UPDATE 3: the National Religious Party (once a moderate party, over time become the political arm of the settler movement) and the far-right National Union seriously considering a joint list, or an outright merger. Meanwhile I just heard Netanyahu call Sharon a "dictator" on TV: the Sharon camp is not exactly getting excited. Ehud Olmert: "as usual, when Bibi is under pressure [...] and panics, he starts talking nonsense". And David Tal MK, formerly of Shas, late of the trade-unionist Am Echad faction led by current Labor leader Armand "Amir" Peretz, joined Sharon's list. Every sitting MK who joins Sharon's faction and list is a net gain in campaign funds.
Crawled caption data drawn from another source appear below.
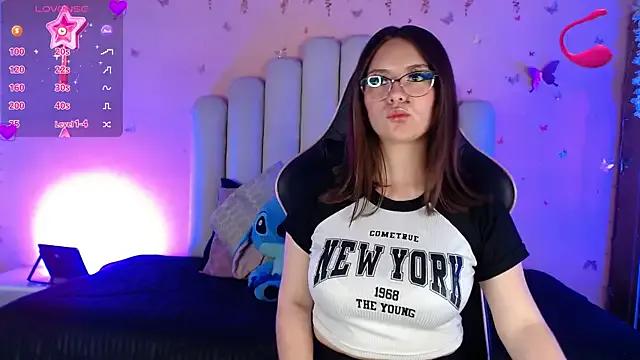 Sweetlu_gh on StripChat 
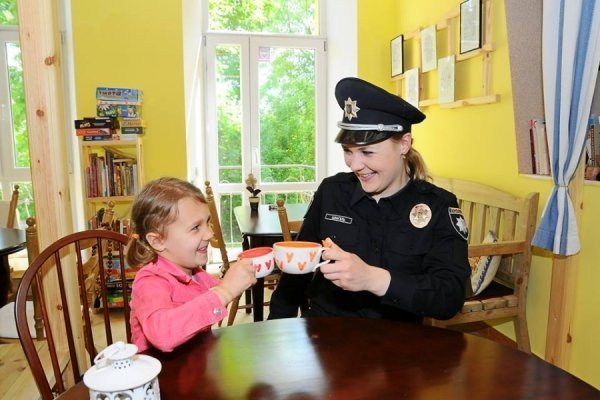 У Луцьку мами-поліцейські фотографувались зі своїми дітьми. ФОТО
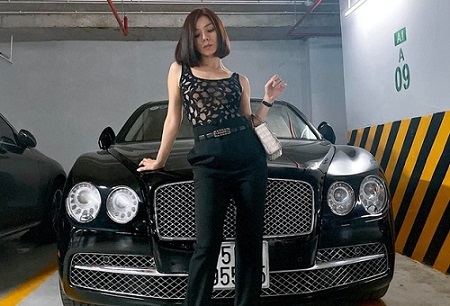 Lệ Quyên tạo dáng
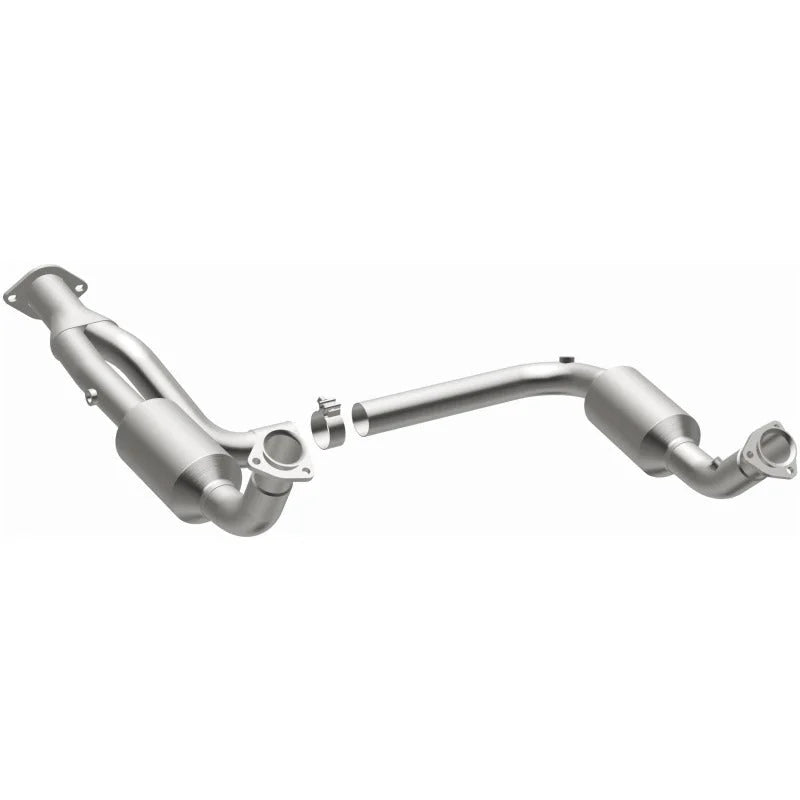 Magnaflow 2000 Cadillac Escalade 5.7L Direct Fit Converter - Back View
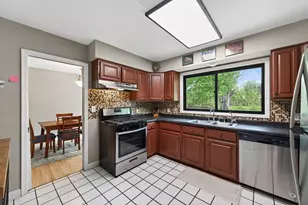 2041 Emerald Ln, Eagan, MN 55122 - Photo 9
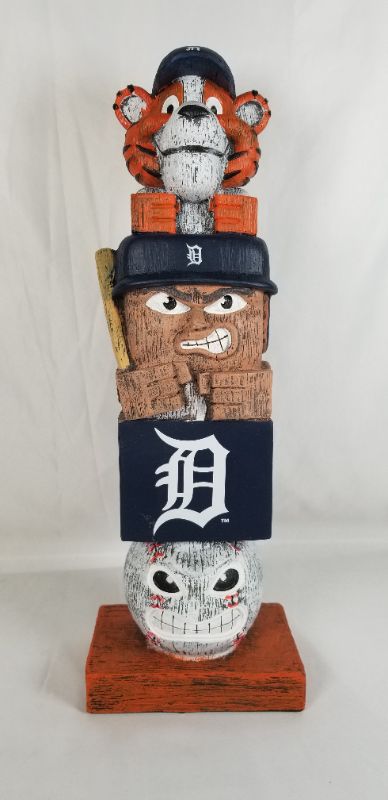 Photo 2 of DETROIT TIGERS TEAM GARDEN STATUE NEW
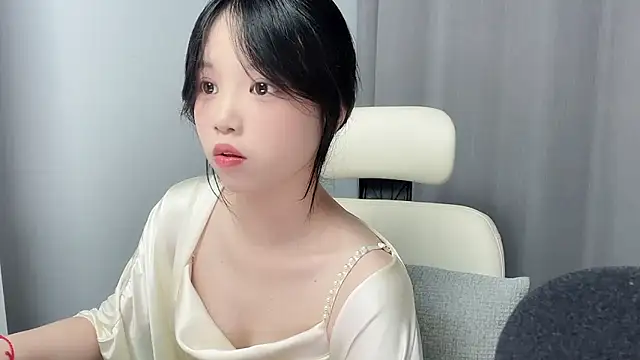 Xiaoqing00 online show from 05/16/26, 10:36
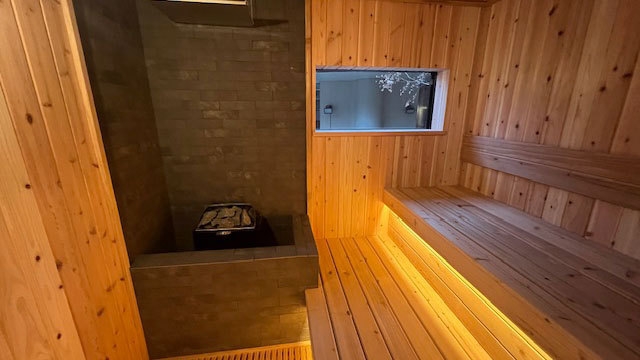 【リフト1日券付/素泊まり】レンタルスキーorスノボ＆ウェア付★お手軽にスキー＆スノボを楽しもう♪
UPDATE 4: Hillel Halkin thinks Sharon's decision to leave the Likud was misguided, but will vote for him anyway:
Partly, it's a question of elimination. Who else is there?
Amir Peretz? So that he can raise our taxes that have just begun to come down and waste several more bloody years trying to achieve a negotiated settlement with a Palestinian Authority that cannot offer Israel acceptable terms and would be too weak to stick to them if it could?
Binyamin Netanyahu? That one-man wrecking crew who more than anyone is responsible for Sharon's leaving the Likud? (Just imagine if Netanyahu had had the sense to back Sharon on disengagement, help him to win the Likud referendum on it, and work to keep the Likud rebels in line: He would be sitting pretty now, a finance minister who had presided over an impressive economic recovery, and Sharon's loyal and undisputed heir. Who can vote for a man with such poor political judgment?)
But partly, too, it's because in a world in which the Palestinians can't be negotiated with on the one hand, and are out-breeding us on the other, unilateral disengagement to borders determined by Israel remains our best strategy. And Sharon is still the only man who can conceivably carry it out, even if he should never have gotten off the bus.